[Recorded data]
↓↓↓

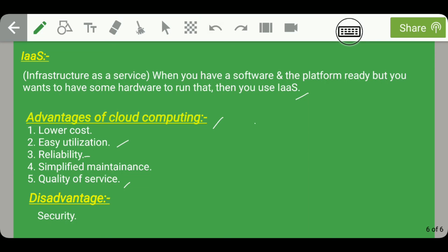The disadvantage associated with cloud computing is that it raises security issues. Due to rising incidents of hacking and virus attacks, cloud computing is an insecure medium to store important data and information, as there is always a chance of your data being accessed by hackers.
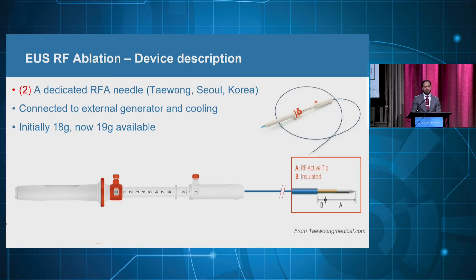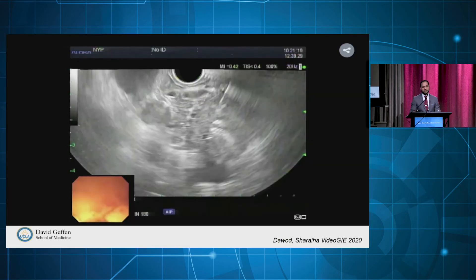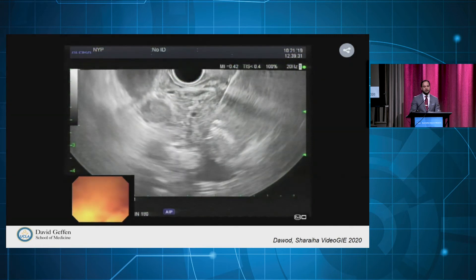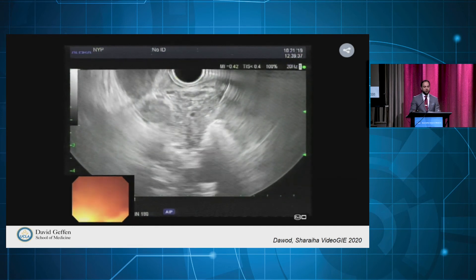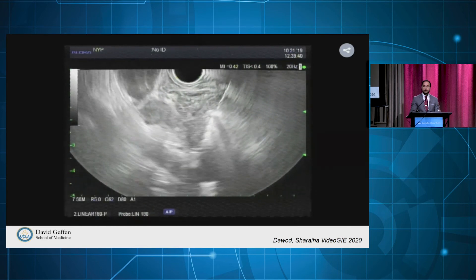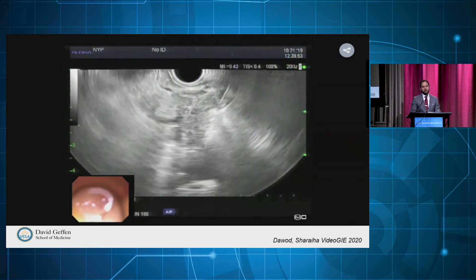Another available device is a dedicated EOS-RFA needle with an electrode at the tip that can deliver coagulation directly to the targeted lesion. Here is a video of this technique used in an 82-year-old woman with a neuroendocrine tumor of the pancreas. The echogenic tip of the needle is easily seen under EOS. Ablation starts with 30 watts delivered on continuous mode up to 20 seconds, achieving a 14 by 8 millimeter ablation field visible under EOS, then the needle is withdrawn and another area is targeted.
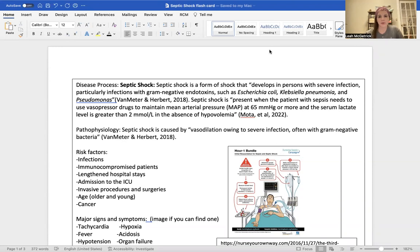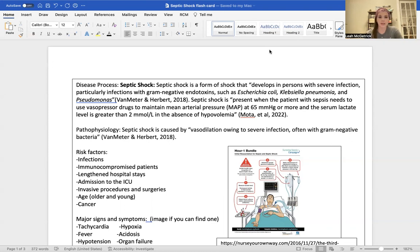Septic shock is a form of shock that develops in a person with severe infection, particularly infections with gram-negative endotoxins, such as E. coli and pseudomonas. It occurs when the patient has sepsis and they're needing vasopressors or blood pressure support to maintain a mean arterial pressure of 65 or above, as well as a serum lactic level greater than 2. This is in the absence of hypovolemia. The pathophysiology behind it is that it is caused by vasodilation owing to severe infection, often with gram-negative bacteria.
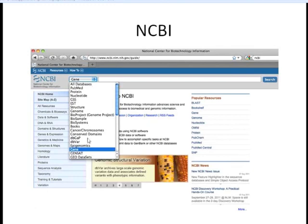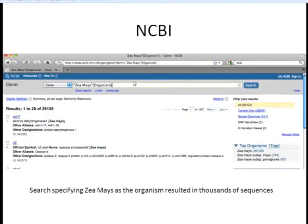We're going to select the gene database and type in ZMays in organisms. By placing this organism here, we can specify that we want to only find sequences from the gene database that are from ZMays. When we do this, we get thousands of sequences, and we can't search through all of those to find the one we're interested in — the TB1 gene.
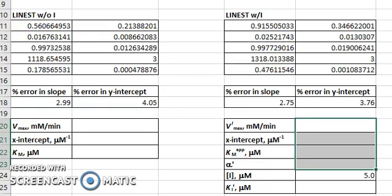This tutorial is designed to accompany Appendix D, using Excel to solve enzyme kinetics problems. We are working on problem two.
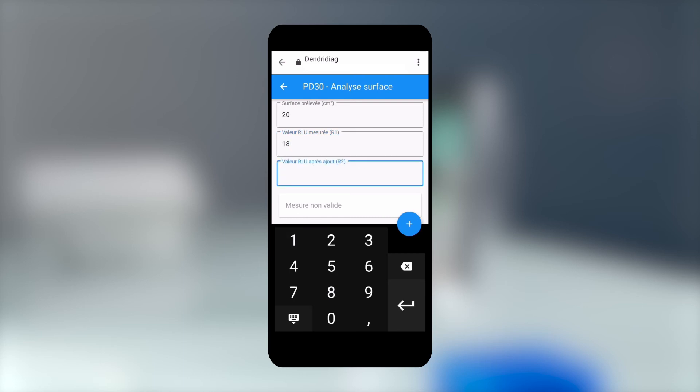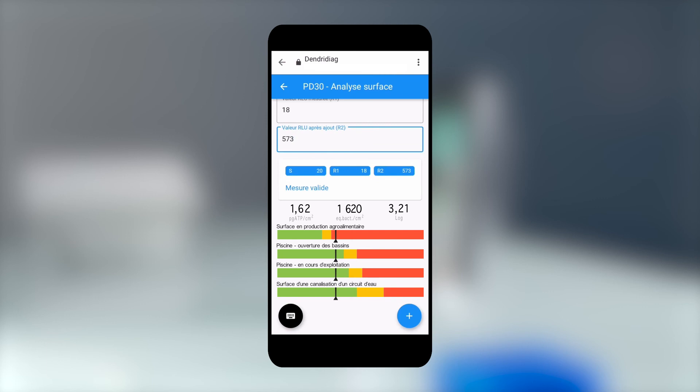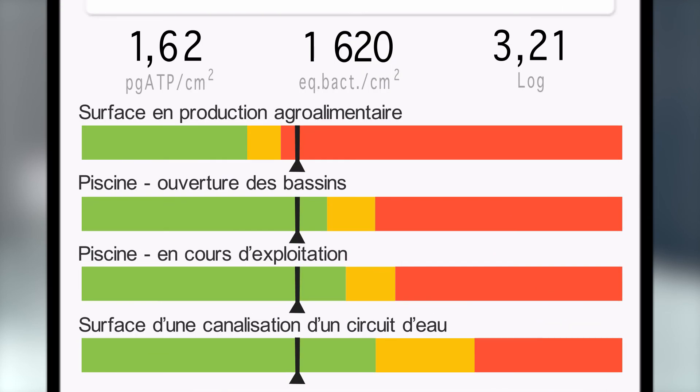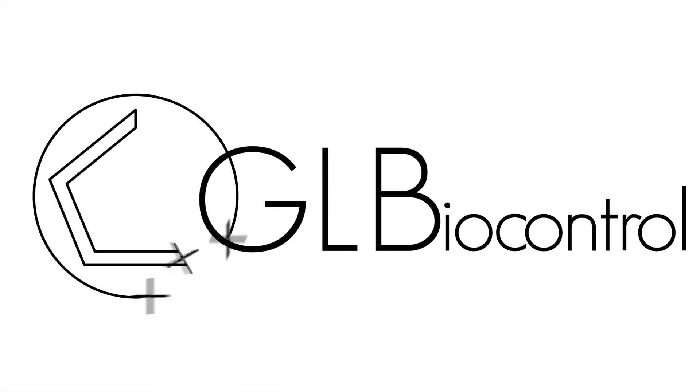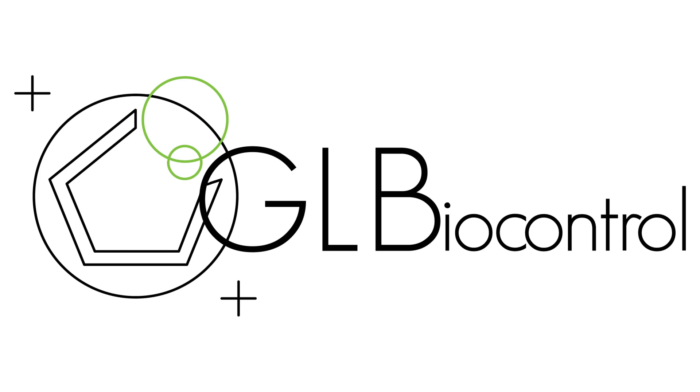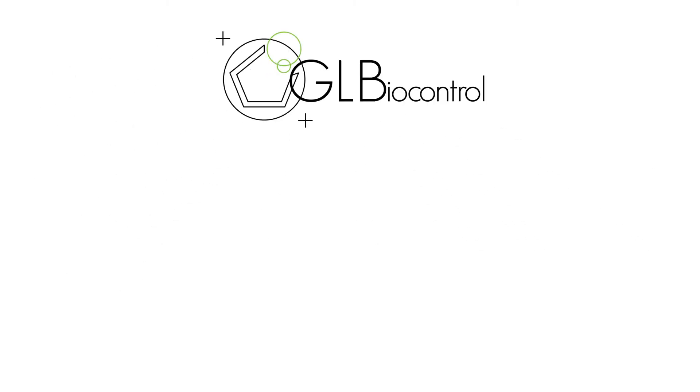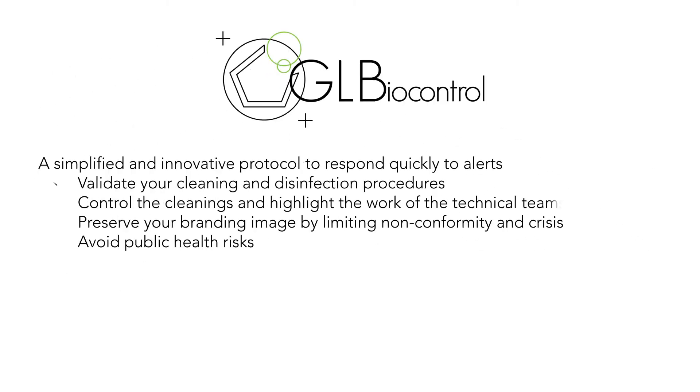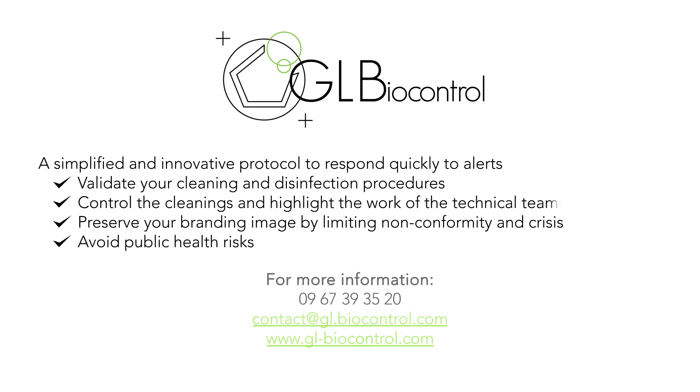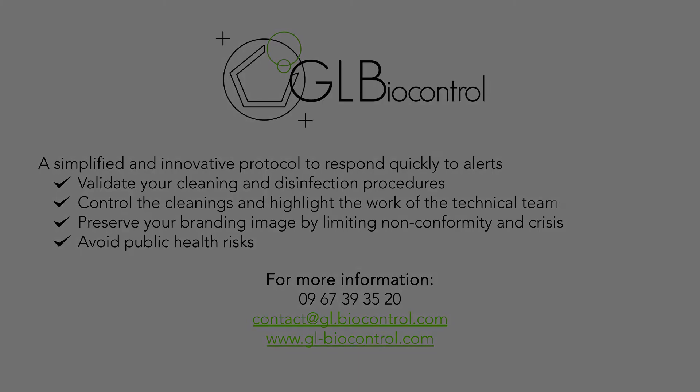The app specifies the quantity of bacteria on your surface. Thanks to a color code, you are informed if a corrective action is required.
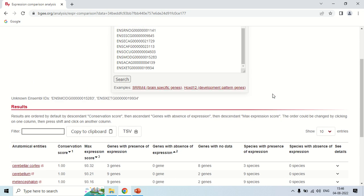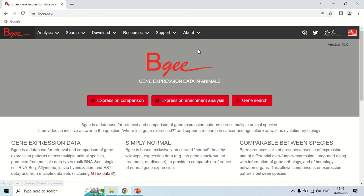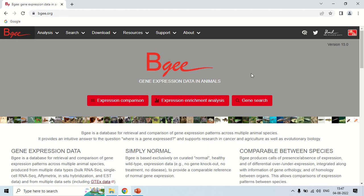By this way you can compare the expression level of different genes. Now come back to the home page by clicking the logo. There is also the option to perform expression enrichment analysis, which means the expression level of your gene will be determined among many species or organisms. The procedure is the same as for gene search or expression comparison. That is all about how you can use the BGE software for gene search or expression comparison. See you in the next video, thank you very much.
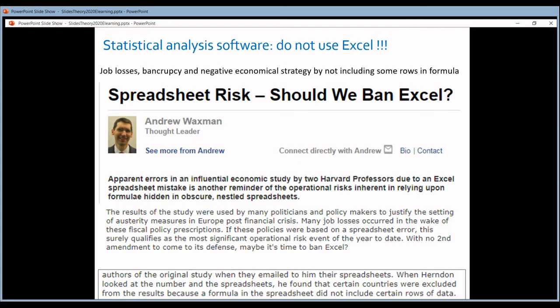It's not only the issues specific to the biological field with gene names — there are also general issues with Excel. The most well-known example is this one. It was published on a blog, and the title was: 'Should we ban Excel?' So it's that bad.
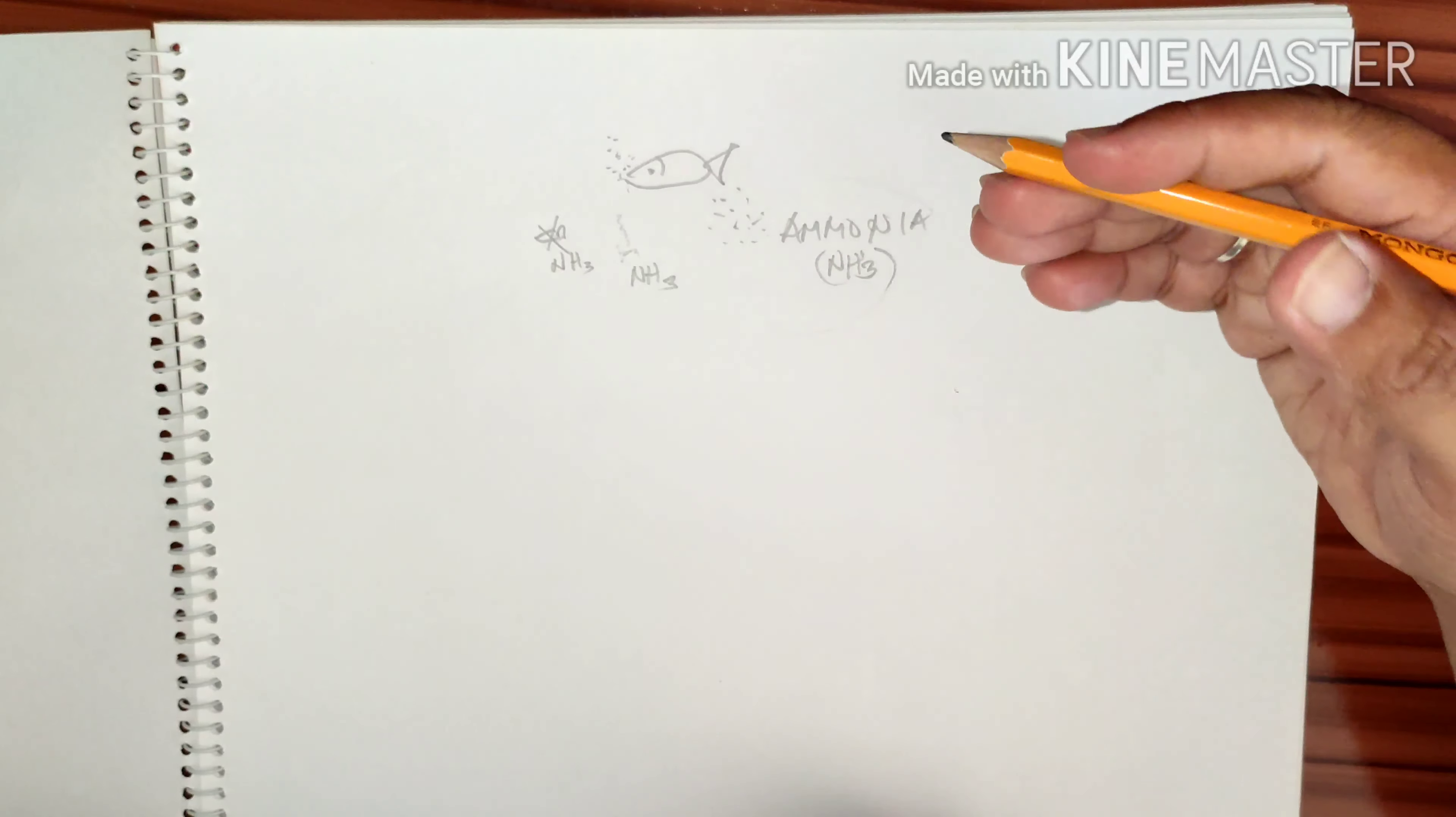We all know that ammonia is very harmful to our fish. This is one of the most dangerous chemicals that you can accumulate in your tank. Eventually, as your tank ages, beneficial bacteria will colonize your tank.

↑↑↑

Omit the pictures and reproduce the remaining material above exactly.

The disadvantage associated with cloud computing is that it raises security issues. Due to rising incidents of hacking and virus attacks, cloud computing is an insecure medium to store important data and information, as there is always a chance of your data being accessed by hackers.
Another available device is a dedicated EOS-RFA needle with an electrode at the tip that can deliver coagulation directly to the targeted lesion. Here is a video of this technique used in an 82-year-old woman with a neuroendocrine tumor of the pancreas. The echogenic tip of the needle is easily seen under EOS. Ablation starts with 30 watts delivered on continuous mode up to 20 seconds, achieving a 14 by 8 millimeter ablation field visible under EOS, then the needle is withdrawn and another area is targeted.
Septic shock is a form of shock that develops in a person with severe infection, particularly infections with gram-negative endotoxins, such as E. coli and pseudomonas. It occurs when the patient has sepsis and they're needing vasopressors or blood pressure support to maintain a mean arterial pressure of 65 or above, as well as a serum lactic level greater than 2. This is in the absence of hypovolemia. The pathophysiology behind it is that it is caused by vasodilation owing to severe infection, often with gram-negative bacteria.
We're going to select the gene database and type in ZMays in organisms. By placing this organism here, we can specify that we want to only find sequences from the gene database that are from ZMays. When we do this, we get thousands of sequences, and we can't search through all of those to find the one we're interested in — the TB1 gene.
This tutorial is designed to accompany Appendix D, using Excel to solve enzyme kinetics problems. We are working on problem two.
The app specifies the quantity of bacteria on your surface. Thanks to a color code, you are informed if a corrective action is required.
By this way you can compare the expression level of different genes. Now come back to the home page by clicking the logo. There is also the option to perform expression enrichment analysis, which means the expression level of your gene will be determined among many species or organisms. The procedure is the same as for gene search or expression comparison. That is all about how you can use the BGE software for gene search or expression comparison. See you in the next video, thank you very much.
It's not only the issues specific to the biological field with gene names — there are also general issues with Excel. The most well-known example is this one. It was published on a blog, and the title was: 'Should we ban Excel?' So it's that bad.
We all know that ammonia is very harmful to our fish. This is one of the most dangerous chemicals that you can accumulate in your tank. Eventually, as your tank ages, beneficial bacteria will colonize your tank.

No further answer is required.